The road ahead is long: the balance between innovation and control
Carney's cryptocurrency policy is likely to reflect his broader governing philosophy: robust, prudent, and stability-first. His skepticism of Bitcoin and decentralized finance stems from his central bank background, foreshadowing stricter regulation and the advancement of CBDCs in Canada's crypto industry. However, his commitment to technological leadership opens the door to blockchain innovation, provided it aligns with government priorities.
The challenge for the Canadian crypto community is to promote decentralization in a regulated environment. Carney's global vision and crisis management expertise make him a strong leader, but his top-down approach may clash with the bottom-up ethos of crypto. As one X user put it: "Digital finance will soar, and decentralization will struggle?" The question is not whether Carney will shape the future of Canadian crypto - he will - but whether he can find a balance between innovation and control.

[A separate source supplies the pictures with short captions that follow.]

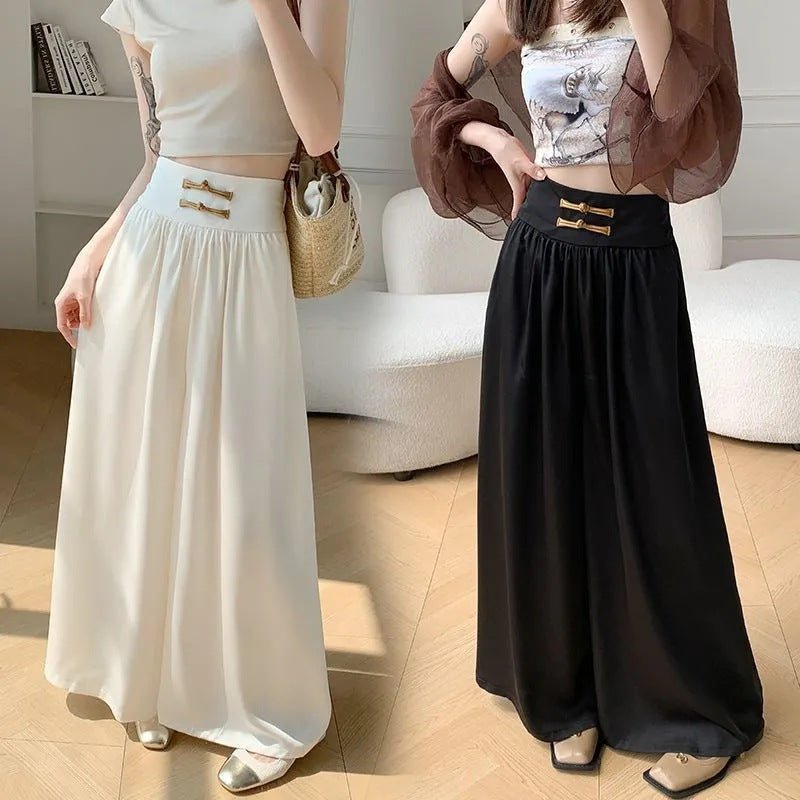 Women’s High - Waist Wide Leg Suit Pants – Sweet & Fresh Street Hipster Style | Summer 2025 Bow Accent - Negative Apparel
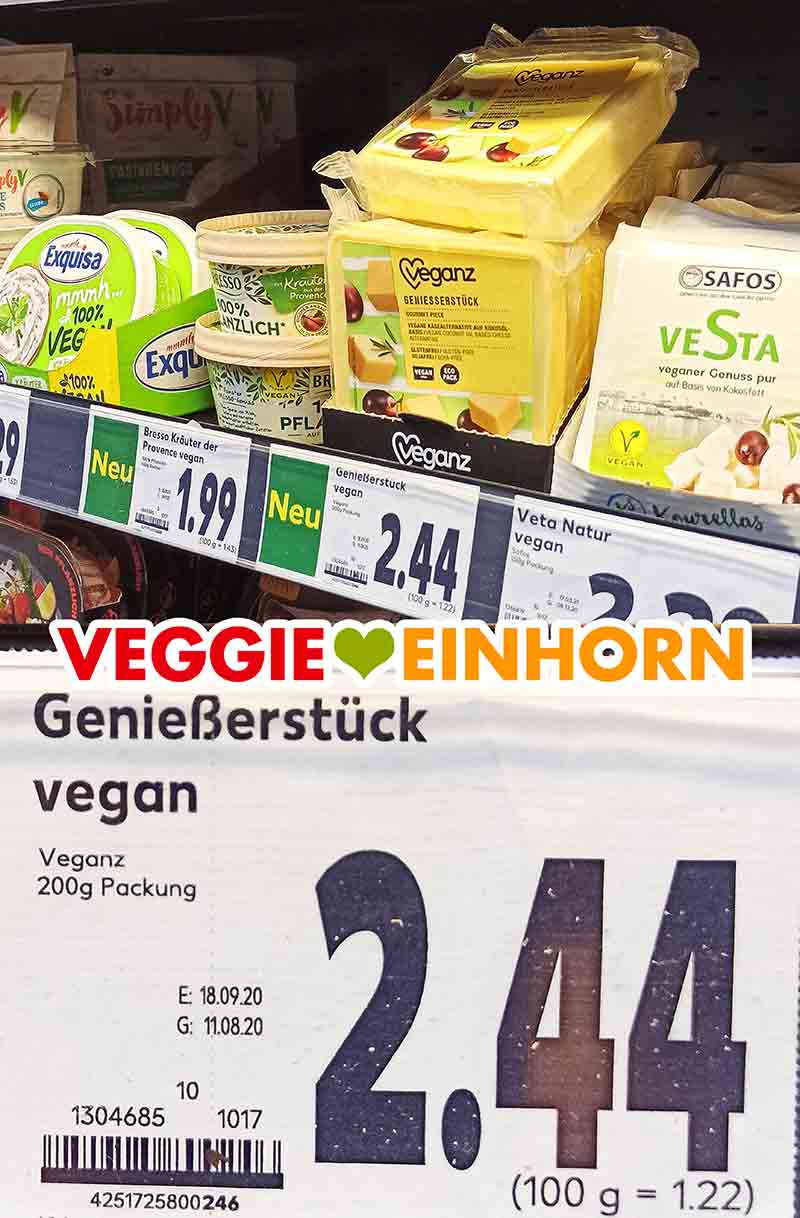 Das Veganz Genießerstück hat bei Kaufland 2,44 Euro gekostet. Veganz Genießerstück und Preisschild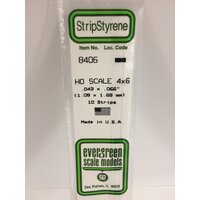 Evergreen White Polystyrene HO Scale Strip 0.046 x 0.069 x 14" (10)
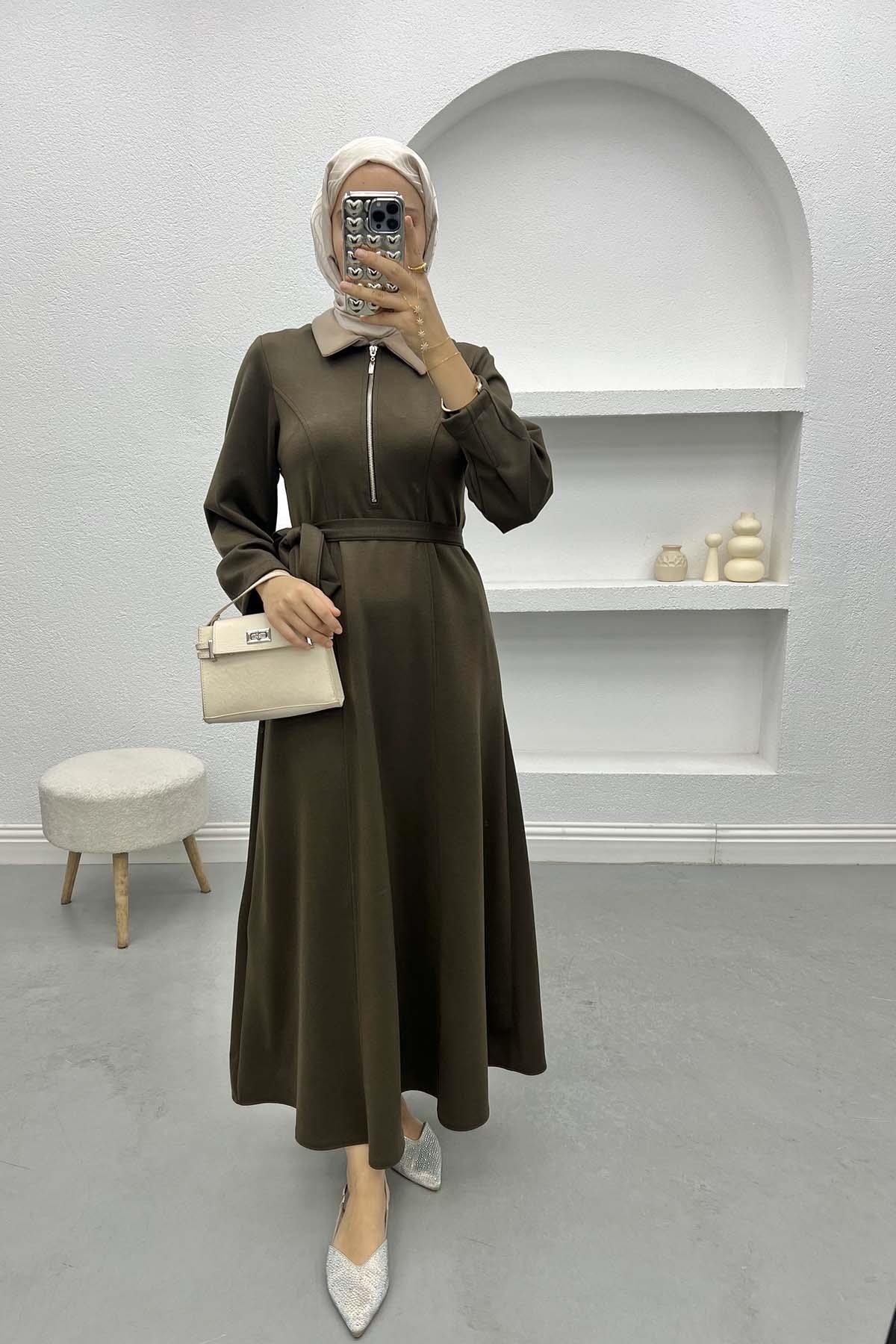 Oysho Dress with Collar Detail Bitter Brown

Compared to Trump's pro-crypto policies and Trudeau's reactive measures, Carney's vision is both ambitious and cautious, a technocratic blueprint for the technological age. Whether this vision can enhance Canada's technological leadership or stifle its crypto potential remains to be seen. For now, the world's eyes are on Carney, the crisis-fighting banker, as he takes on his biggest challenge yet: leading Canada through the uncharted waters of trade wars, technological revolutions, and digital finance.